The image, revealed by the Event Horizon Telescope, shows the black hole at the centre of Messier 87, a galaxy in the nearby Virgo galaxy cluster. It resides 55 million light years from Earth and has a mass that's 6.5 billion times that of the Sun.
The image shows a fiery ring-like structure consisting of gas and dust around a dark central region, the black hole itself, which is technically unseeable.
Heino Falcke, chair of the EHT Science Council, said: "If immersed in a bright region, like a disc of glowing gas, we expect a black hole to create a dark region similar to a shadow -- something predicted by Einstein's general relativity that we've never seen before," he said.
“This shadow, caused by the gravitational bending and capture of light by the event horizon, reveals a lot about the nature of these fascinating objects and allowed us to measure the enormous mass of M87's black hole."
As no single telescope is powerful enough to catch an image of the black hole, the Event Horizon Telescope consists of a network of eight telescopes at high altitudes around the world, in California, Hawaii, Mexico, Arizona, Sierra Nevada, the French Alps, the Chilean Atacama Desert and Antarctica.

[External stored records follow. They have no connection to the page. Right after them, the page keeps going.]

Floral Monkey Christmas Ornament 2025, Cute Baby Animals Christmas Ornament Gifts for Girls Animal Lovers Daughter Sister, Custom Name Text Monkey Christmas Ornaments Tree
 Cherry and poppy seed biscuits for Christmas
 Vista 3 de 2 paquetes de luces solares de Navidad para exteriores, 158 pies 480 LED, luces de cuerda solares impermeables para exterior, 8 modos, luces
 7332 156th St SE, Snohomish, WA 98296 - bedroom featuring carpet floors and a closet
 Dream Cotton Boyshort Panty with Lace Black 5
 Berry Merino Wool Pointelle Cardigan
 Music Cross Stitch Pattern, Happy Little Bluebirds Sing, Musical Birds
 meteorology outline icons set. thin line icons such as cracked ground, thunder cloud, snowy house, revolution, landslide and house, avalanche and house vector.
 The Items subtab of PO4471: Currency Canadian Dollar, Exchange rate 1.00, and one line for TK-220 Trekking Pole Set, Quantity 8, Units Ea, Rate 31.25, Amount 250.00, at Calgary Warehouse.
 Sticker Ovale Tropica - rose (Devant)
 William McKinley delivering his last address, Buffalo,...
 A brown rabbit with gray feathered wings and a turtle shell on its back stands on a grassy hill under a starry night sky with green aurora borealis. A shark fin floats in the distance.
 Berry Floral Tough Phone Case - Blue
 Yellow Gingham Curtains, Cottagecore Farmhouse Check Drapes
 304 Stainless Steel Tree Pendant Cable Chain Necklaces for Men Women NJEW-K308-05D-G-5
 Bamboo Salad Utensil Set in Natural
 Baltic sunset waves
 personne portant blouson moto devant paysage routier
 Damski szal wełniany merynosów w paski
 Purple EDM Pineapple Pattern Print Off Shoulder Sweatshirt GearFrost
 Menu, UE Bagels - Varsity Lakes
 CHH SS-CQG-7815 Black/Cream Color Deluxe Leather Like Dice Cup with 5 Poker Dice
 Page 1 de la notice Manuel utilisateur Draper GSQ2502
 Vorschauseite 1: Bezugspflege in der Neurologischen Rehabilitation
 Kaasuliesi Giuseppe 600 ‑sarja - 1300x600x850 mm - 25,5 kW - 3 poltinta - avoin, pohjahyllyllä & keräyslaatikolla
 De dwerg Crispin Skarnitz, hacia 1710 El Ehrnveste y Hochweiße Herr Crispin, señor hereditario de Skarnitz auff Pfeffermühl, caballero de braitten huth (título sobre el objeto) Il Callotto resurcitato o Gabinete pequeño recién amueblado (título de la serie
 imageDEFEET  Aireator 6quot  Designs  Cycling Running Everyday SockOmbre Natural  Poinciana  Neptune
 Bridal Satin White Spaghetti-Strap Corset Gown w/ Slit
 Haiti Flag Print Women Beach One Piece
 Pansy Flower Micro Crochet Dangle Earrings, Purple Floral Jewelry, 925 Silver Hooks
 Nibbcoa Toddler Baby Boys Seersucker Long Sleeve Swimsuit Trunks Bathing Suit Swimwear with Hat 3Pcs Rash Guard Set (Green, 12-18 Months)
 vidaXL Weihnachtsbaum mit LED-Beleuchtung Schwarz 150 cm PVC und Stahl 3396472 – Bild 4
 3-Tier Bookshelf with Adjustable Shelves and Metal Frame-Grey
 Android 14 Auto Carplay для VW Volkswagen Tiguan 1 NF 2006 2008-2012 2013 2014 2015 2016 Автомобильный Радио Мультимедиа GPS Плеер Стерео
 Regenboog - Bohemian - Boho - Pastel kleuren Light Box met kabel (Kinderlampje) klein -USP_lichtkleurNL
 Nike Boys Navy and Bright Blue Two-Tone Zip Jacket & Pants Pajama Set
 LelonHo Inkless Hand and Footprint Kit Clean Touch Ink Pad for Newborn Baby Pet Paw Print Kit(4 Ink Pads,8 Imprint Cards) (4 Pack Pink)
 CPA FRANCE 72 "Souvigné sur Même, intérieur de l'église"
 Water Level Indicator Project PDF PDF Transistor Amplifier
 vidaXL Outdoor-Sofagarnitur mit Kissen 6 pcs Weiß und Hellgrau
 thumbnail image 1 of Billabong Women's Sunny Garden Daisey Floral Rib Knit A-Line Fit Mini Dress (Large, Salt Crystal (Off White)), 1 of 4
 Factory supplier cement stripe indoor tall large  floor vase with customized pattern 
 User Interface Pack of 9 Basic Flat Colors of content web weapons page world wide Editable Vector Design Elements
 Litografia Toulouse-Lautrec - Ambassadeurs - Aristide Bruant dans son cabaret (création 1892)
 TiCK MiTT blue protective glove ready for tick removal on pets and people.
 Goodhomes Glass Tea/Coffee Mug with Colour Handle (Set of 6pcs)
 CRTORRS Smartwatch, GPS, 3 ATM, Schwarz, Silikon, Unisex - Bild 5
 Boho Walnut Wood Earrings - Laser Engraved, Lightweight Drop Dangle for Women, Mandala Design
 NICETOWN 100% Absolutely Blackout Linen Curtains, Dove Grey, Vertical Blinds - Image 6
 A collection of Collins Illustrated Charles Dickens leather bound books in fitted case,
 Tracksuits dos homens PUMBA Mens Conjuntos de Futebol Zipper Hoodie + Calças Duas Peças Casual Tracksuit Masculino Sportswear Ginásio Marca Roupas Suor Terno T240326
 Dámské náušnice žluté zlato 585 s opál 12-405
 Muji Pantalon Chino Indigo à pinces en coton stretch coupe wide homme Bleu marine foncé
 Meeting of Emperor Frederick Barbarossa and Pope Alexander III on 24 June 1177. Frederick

Together they form an Earth-sized virtual telescope with an angular resolution of 20 micro-arcseconds – enough power to read a newspaper in New York from a Paris street.
Each telescope produced around 350 terabytes of data per day, which was stored on high-performance helium-filled hard drives and flown to supercomputers in Massachusetts and Bonn, Germany.
Paul T.P. Ho, EHT board member, said: "Once we were sure we had imaged the shadow, we could compare our observations to extensive computer models that include the physics of warped space, superheated matter and strong magnetic fields. Many of the features of the observed image match our theoretical understanding surprisingly well.”
Funding for the project was provided by the US National Science Foundation, the EU's European Research Council and funding agencies in East Asia. The National Science Foundation alone contributed more than $28 million over 20 years.
The breakthrough was announced in a series of six papers published in The Astrophysical Journal Letters.